There is no question that he, like the thousands of other Negro draftees, resented the way Negroes were being treated. In civilian life, Jim Crow is unbearable enough. But when he was being trained to die for democracy, he must have thought to himself many times that he would like to have a little of it himself, that he might just as soon die fighting for it here as anywhere else.
August 6 was payday for the men in Ned Turman’s regiment, Battery C, Seventy-sixth Coast Artillery. With many others, he went to town that night, to "celebrate" in Fayetteville, to go to a Jim Crow movie house, to walk around and see the sights in the windows. When Turman returned to the bus later that night, he was perfectly sober. Witnesses of what followed, who knew him, reported this to newspapermen from the Pittsburgh Courier and the Afro-American.
Turman entered the bus and sat down near the front. The bus driver refused to start back to the fort because he claimed that some of the men, colored and white, had been drinking and were too boisterous. He demanded MPs and the soldiers didn’t like this.
They argued with him until seven or eight MPs showed up. They entered the bus and told the men to shut up. One of them, Pvt. Mack C. Poole, continued to talk and the MPs began to savagely beat him over the head with their clubs. "It looked like the whole side of his head was caved in," one of the soldiers said later.
Ned Turman spoke up, said that Poole was in need of hospitalization, that he should be taken care of."Hospital, hell!" said the MP sergeant, E.L. Hargraves of Texas. "I’m going to take him to jail."
Evidently Turman repeated that he thought Poole needed medical attention. "Talking back" is what they call it in the South when a Negro tries to say something to a cracker.
Hargraves told him to shut up and struck him roughly on the shoulder. Turman threw up his hands to ward off the blow. In the South such an act is unpardonable. Crackers don’t like Negroes to lift their hands to a white man, even in self-defense.
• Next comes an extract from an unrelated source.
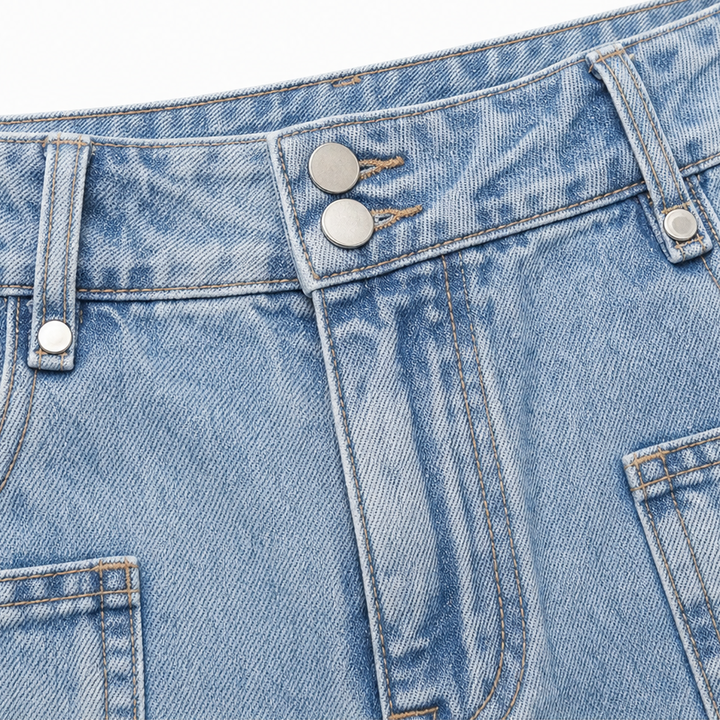 High-Waisted Asymmetric Front Straight-Leg Jeans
Hargraves began to club him over the head. At the same time an MP outside the bus began to strike at him through an open window. And the other MPs advanced to do their share.
Suddenly Turman broke away and produced a revolver. The Pittsburgh Courier reports that he cried out:"I’m going to break up you MPs beating us colored soldiers!"
Those were his last words. He began shooting. Hargraves was killed, two other MPs wounded. When Turman’s gun was empty, an MP who entered the bus from the back shot him dead.
A night of terror followed. All the five thousand Negroes at Fort Bragg were rounded up, cursed, beaten, and driven by MPs armed with sawed-off shotguns out of the camp to another nine miles away.
All friends of equality for the Negro people will honor the bravery of Ned Turman and defend his action against his Jim Crow defamers. But at the same time they must realize that while bravery and self-sacrifice are necessary in the struggle against discrimination and segregation, they are not enough.
Jim Crowism cannot be overthrown by individual acts, justified though these acts of protest may be. One man may be able to inspire others, but only a mass movement will actually destroy racial discrimination. And to do it, a mass movement must have the proper program.
This program must be based on unity of Negro and white workers in struggle against the creator of Jim Crowism, the system of capitalism itself that is also responsible for war and fascism and unemployment. To achieve this unity, it must fight for full social, economic, and political equality for the Negro people. It must also demand military training under control of the workers themselves to put an end to the Jim Crow practices now employed by the officer caste.